Fine, I told you about vectors, but how do we describe these situations with vectors? Isn’t it awfully vague to talk about something like a direction?
You’re absolutely right. To help, we need to use a tool that began with Descartes and is invaluable useful today. It’s a way to visualize what is happening in a system, so we don’t have to resort to only writing down equations. I’m talking about, of course, the Cartesian plane, where you’ve undoubtedly seen how to graph things like $y = 6x$ and the like. But now, you’ll find that it’s a fantastic tool for studying vectors.
Let’s go back to the example with the block, but this time, I’ll overlay a grid near the block so we can describe the situation more accurately:
From now on, you’re going to start thinking about space as a sort of grid system. Here, there are two directions: the $x$-direction, and the $y$-direction. Of course, you can go in a combination of these two directions, as the cannonball was doing before. But now that we have this grid system, we easily describe both the magnitude and the direction of any vector. Notwithstanding my bad drawing, the vector above has a magnitude of $5m/s$, and its direction is along the positive $x$-axis. In general, we measure the direction (or angle) of the vector by starting on the positive $x$-axis and rotating counterclockwise until we get to the direction that the vector is pointing.

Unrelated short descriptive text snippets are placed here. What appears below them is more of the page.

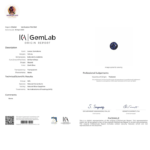 Blue Sapphire 6.5 MM - 1.03 Carats - Image 2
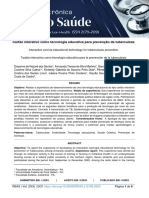 Cartão Interativo Como Tecnologia Educativa para Prevenção Da Tuberculose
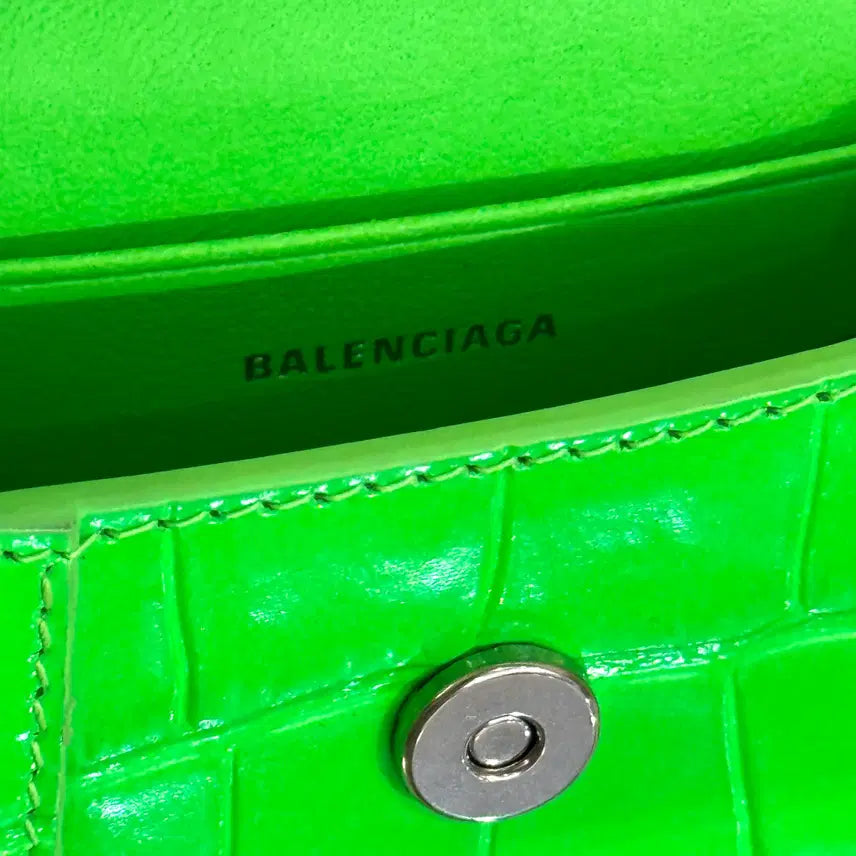 [BUNJANG] Balenciaga Hourglass Crocodile Mini Tote Crossbody Bag / 발렌시아가 아워글래스 크로커다일 미니 토트 크로스백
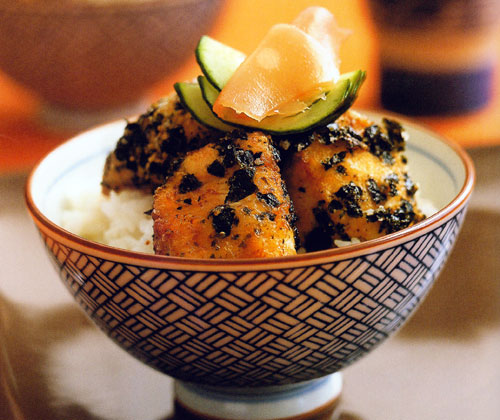 Deep-Fried Chicken with Seaweed Recipe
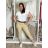 Nohavice volnočasové s opaskom dámske MIRKA (S/M/L ONE SIZE) TALIANSKA MÓDA IM425553/DUR S/M/L béžová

This is all well and good, but I know that many of you are observant, and might ask, “If we have a vector going diagonally, can we describe it by talking about how much it moves in the $x$ direction and how much it moves in the $y$ direction?”
The answer is yes!
This highlights an important part of vectors: we can decompose them into their constituent parts. While it might be difficult to think about a certain motion in three dimensions, it’s much easier to think of the motion with a component in each of the $x$, $y$, and $z$ directions. Then, we can calculate things along each of those directions, before finally packaging everything up in the end to give a vector description of the motion.
(I want to take a second to mention that, of course, you can generalize the notion of what a vector is and what kinds of things you can do with them. This generalization usually leads you to the area of linear algebra, but we will focus for now with regular vectors that you can visualize as arrows, either in two or three dimensions.)
We will slowly build up to some interesting interesting results with these vectors, but I want to specify that I’m going to try and bring the logic and thinking behind a lot of these concepts from the perspective of someone who is looking to do physics. It can be all well and good to take a mathematician’s or computer scientist’s approach, but we’ll leave that to the side for now.
At this moment, you might be wondering something along the lines of, “Are these vectors really going to be that useful in physics?” The answer is a resounding yes. It may seem like vectors are only useful for describing the paths of bodies being launched, but the truth is that vectors are used all over the place. We use them to describe the equations of motion of bodies, the way electric and magnetic fields work, and basically anything that you can describe with the notion of forces. So basically all of physics, really.
For now, I just want you to take this initial point away: vectors specify magnitudes and directions, and we can add and subtract them component-wise in order to figure out how vectors interact with each other.